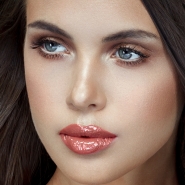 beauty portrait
* * *
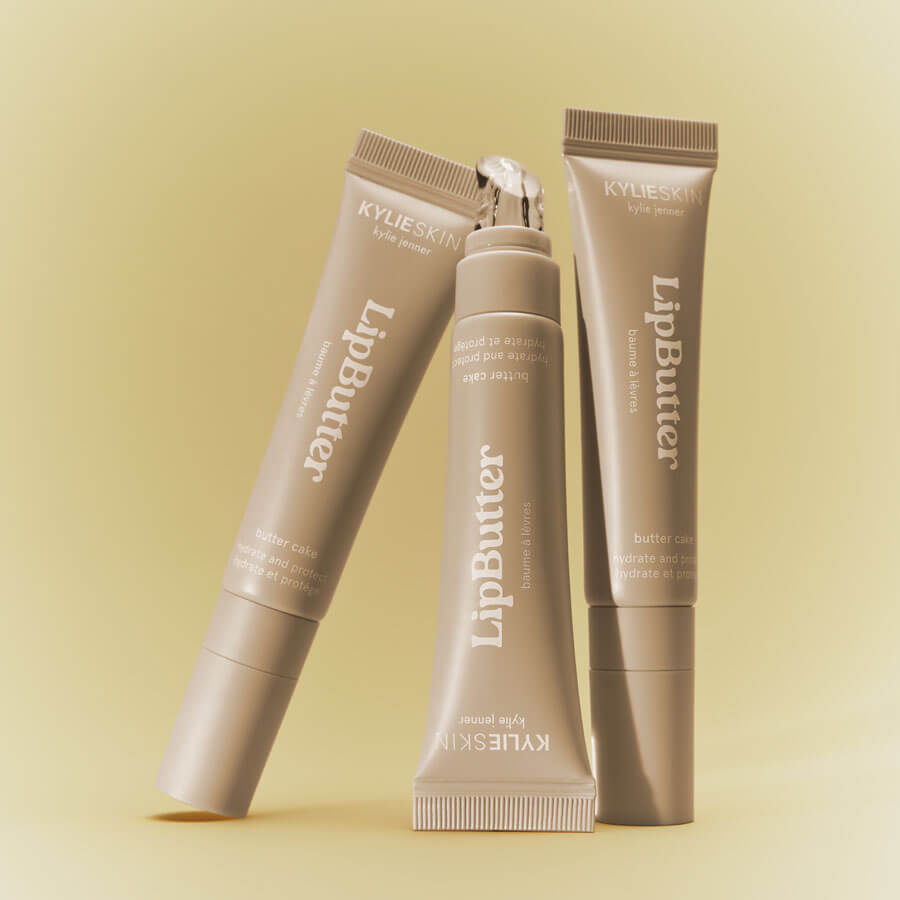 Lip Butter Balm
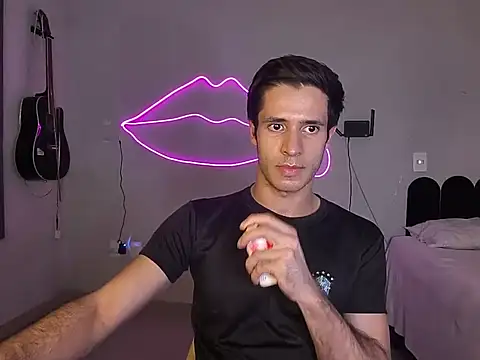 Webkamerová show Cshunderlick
---
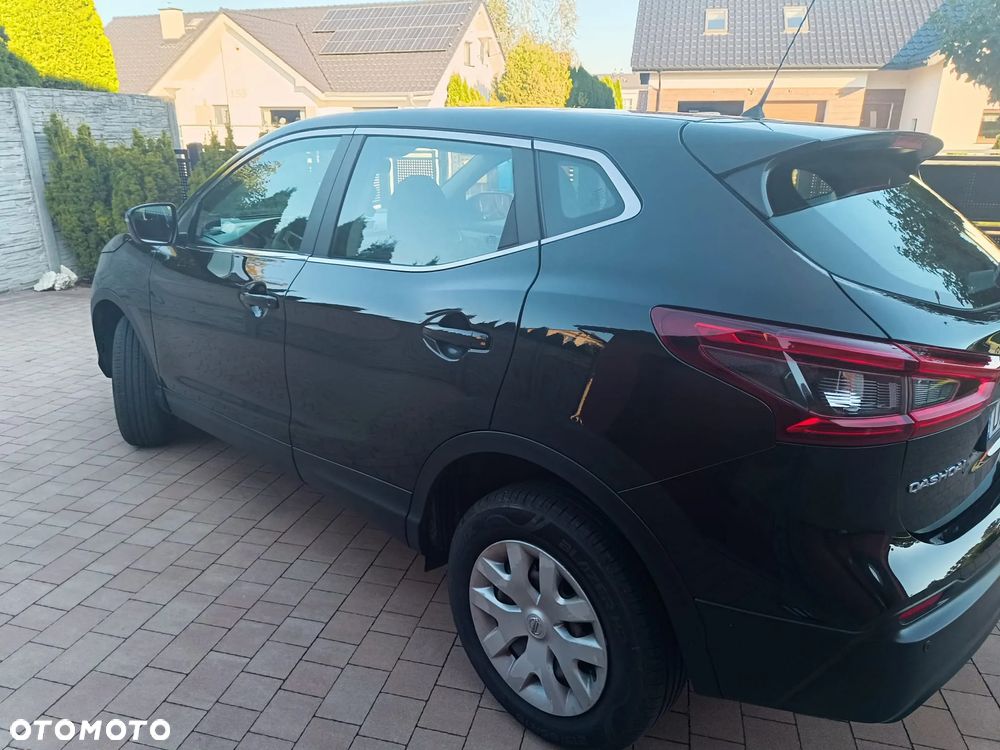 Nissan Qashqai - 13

YOUR GOAL: Among the entries above, take the line with "Lip Butter Balm", the line with "Webkamerová show Cshunderlick", and all the lines between them, and restate them word for word without pictures.

RESPONSE:
 Lip Butter Balm
 Webkamerová show Cshunderlick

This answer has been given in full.